Aux États-Unis, la société Living Ink mise sur un autre acteur du vivant : les algues. Transformées en encres, elles donnent naissance à des noirs profonds et mats utilisés pour imprimer des packagings, des affiches ou des étiquettes. Chaque tirage devient une déclaration écologique : montrer qu’une couleur peut être performante sans être polluante.
Les déchets comme ressources chromatiques
L’innovation chromatique ne se limite pas au vivant. La créatrice britannique Alice Potts a choisi de travailler avec les déchets corporels et minéraux. Dans son studio, la sueur cristallisée ou les résidus de minéraux industriels deviennent des cristaux aux teintes translucides, qu’elle fixe sur des textiles ou des objets. Chaque pièce est unique, imprévisible, presque aléatoire. Le design graphique y trouve une nouvelle métaphore : la couleur comme témoin de flux invisibles, comme une empreinte du corps ou de l’industrie sur la matière.

Ce recyclage chromatique s’inscrit dans un mouvement plus large. Dans plusieurs écoles de design européennes, les étudiants travaillent aujourd’hui à partir de déchets de café, de marc de raisin ou de poudres métalliques récupérées. Le pigment se fait récit : il raconte l’histoire de sa provenance, bien plus qu’une teinte abstraite dans un nuancier.
Quand l’algorithme invente la palette
Si la couleur se redéfinit par sa matière, elle se transforme aussi dans le numérique. Plusieurs studios développent aujourd’hui des algorithmes capables de générer des palettes en fonction de données en temps réel : météo, humeur des utilisateurs, rythmes financiers ou variations d’un flux sonore. Les couleurs cessent d’être fixes pour devenir mouvantes, dynamiques, adaptatives.

À Londres, un collectif de designers a ainsi conçu un système d’identité visuelle alimenté par l’intelligence artificielle. Selon l’heure de la journée et l’ensoleillement, le logo de l’institution change de teinte, passant d’un bleu clair matinal à un orange saturé au coucher du soleil. La couleur n’est plus choisie une fois pour toutes, elle devient un organisme numérique en perpétuelle variation.
Cette plasticité soulève cependant une question : que devient la symbolique d’une couleur si elle change sans cesse ? Est-elle encore un repère stable pour l’œil ou une simple traduction de données invisibles ?

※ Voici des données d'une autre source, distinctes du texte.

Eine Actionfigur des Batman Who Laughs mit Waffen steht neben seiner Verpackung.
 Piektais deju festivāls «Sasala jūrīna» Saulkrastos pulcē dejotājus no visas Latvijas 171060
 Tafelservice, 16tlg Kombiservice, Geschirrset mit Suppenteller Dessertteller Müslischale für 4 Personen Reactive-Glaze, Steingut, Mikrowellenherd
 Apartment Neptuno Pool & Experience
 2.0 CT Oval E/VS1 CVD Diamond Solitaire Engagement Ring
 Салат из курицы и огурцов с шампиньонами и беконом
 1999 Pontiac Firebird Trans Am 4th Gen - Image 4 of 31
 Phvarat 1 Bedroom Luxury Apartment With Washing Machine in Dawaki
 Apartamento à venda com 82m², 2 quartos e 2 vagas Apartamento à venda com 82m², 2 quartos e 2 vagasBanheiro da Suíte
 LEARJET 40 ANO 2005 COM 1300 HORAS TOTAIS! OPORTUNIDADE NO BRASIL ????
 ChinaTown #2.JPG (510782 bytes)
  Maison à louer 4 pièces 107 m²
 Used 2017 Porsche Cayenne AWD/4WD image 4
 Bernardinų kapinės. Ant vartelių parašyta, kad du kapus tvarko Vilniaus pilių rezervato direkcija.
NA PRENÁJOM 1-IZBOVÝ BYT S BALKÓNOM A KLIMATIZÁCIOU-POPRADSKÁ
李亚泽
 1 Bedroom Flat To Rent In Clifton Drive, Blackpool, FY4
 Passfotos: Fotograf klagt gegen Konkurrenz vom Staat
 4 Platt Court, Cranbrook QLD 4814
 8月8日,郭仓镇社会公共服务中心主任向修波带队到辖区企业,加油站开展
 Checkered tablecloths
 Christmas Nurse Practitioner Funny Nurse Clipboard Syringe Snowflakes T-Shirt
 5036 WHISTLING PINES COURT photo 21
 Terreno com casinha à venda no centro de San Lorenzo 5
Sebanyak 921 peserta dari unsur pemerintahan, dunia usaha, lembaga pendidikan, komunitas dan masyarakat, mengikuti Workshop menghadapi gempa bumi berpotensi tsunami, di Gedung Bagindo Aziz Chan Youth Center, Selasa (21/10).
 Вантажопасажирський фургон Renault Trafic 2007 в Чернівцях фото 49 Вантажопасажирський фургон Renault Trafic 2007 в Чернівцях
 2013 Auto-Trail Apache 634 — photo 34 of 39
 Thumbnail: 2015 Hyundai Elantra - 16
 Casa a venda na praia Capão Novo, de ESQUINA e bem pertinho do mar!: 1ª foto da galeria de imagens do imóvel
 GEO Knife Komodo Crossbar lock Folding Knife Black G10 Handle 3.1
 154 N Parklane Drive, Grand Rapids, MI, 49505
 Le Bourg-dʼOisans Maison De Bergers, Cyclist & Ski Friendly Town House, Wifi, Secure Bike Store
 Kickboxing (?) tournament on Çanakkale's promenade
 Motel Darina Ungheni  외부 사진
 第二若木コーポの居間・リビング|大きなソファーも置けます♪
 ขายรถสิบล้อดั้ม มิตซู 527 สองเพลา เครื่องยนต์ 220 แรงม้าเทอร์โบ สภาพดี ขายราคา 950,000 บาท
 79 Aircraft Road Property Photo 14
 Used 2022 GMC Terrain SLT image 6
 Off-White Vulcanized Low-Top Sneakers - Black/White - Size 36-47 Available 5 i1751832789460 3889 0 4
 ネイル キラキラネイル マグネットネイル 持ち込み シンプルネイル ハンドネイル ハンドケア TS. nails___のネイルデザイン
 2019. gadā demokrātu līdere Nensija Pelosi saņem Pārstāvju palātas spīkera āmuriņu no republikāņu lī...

Couleur, manifeste écologique et langage technologique
Entre bactéries fluorescentes et algorithmes colorimétriques, deux visions semblent s’opposer mais se rejoignent : la couleur comme matière et la couleur comme information. Dans un cas, elle s’incarne dans le vivant, dans sa fragilité, dans son imprévisibilité. Dans l’autre, elle devient un code, une traduction instantanée de signaux numériques. Dans les deux cas, elle échappe à l’idée de permanence.
Cette mutation résonne fortement avec notre époque. La couleur cesse d’être un simple choix esthétique ou marketing ; elle devient un manifeste écologique lorsqu’elle est produite sans polluer, et un langage technologique lorsqu’elle traduit la dynamique de données. Le graphisme, longtemps attaché à la stabilité des nuanciers, doit apprendre à dialoguer avec des teintes mouvantes, aléatoires, parfois instables.
La couleur de demain n’appartiendra peut-être plus aux imprimeurs ni aux écrans. Elle appartiendra aux vivants et aux machines, à la fois organique et algorithmique. Elle ne sera pas seulement vue, mais ressentie comme une expérience sensible et comprise comme un langage codé.